Marcel Winatschek

The Sea He Built

Stephen Hillenburg was a marine biologist first. He studied natural resource planning at Humboldt State, focused on marine resources, graduated in 1984, then spent years working at the Ocean Institute in California teaching people about tide pools and the creatures that cling to rocks at the edge of the water. In his spare time he drew a comic called "The Intertidal Zone"—sea creatures anthropomorphized into human types, rendered with the precision of someone who actually knew what lived down there.

He showed it to Martin Olson, a writer on Rocko’s Modern Life, who told him to turn it into a show. So Hillenburg enrolled at CalArts—the experimental animation program Walt Disney founded—and came out in 1992 with a different kind of degree and a fully formed idea. He pitched it to Nickelodeon. The pilot, "Help Wanted," aired May 1, 1999. By July the series was running. When Hillenburg tried to end the show after the first feature film in 2004, Nickelodeon refused to let it die, and it kept going in one form or another, largely without his direct involvement, for years afterward.

He was diagnosed with ALS in March 2017. Today Nickelodeon confirmed his death. He was 57.

I keep returning to the marine biology. Most cartoon characters are built by people who love cartoons. SpongeBob SquarePants was built by someone who loved the ocean—who had spent real time studying what life looks like under pressure and in darkness, how ecosystems sustain themselves through interdependence and occasional violence. That knowledge is somewhere in the show, beneath the absurdism and the slapstick. The ocean floor as suburban nightmare. The optimist whose optimism is quietly devastating. Squidward as the educated failure we’re all a little afraid of becoming.

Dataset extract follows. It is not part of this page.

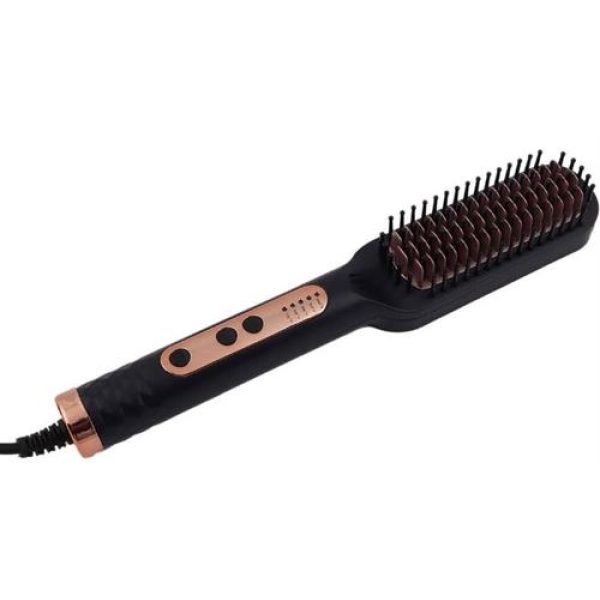 Sokany Hair Straightener Brush Black And Rose Gold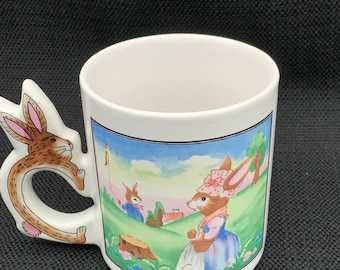 Bunny Handle Coffee Mug, Peter Rabbit Design, Easter Gift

There’s something genuinely melancholic baked into SpongeBob that I don’t think was accidental. Hillenburg understood that the sea is beautiful and completely indifferent, full of things that eat each other and die. He made a cartoon about it. The cartoon became one of the most recognized images in the world—a yellow rectangle, a face, a laugh, a theme song everyone knows. That started with a scientist drawing comic strips at his kitchen table because he thought it would be fun. Fifty-seven. The show is only nineteen years old and he’s already gone.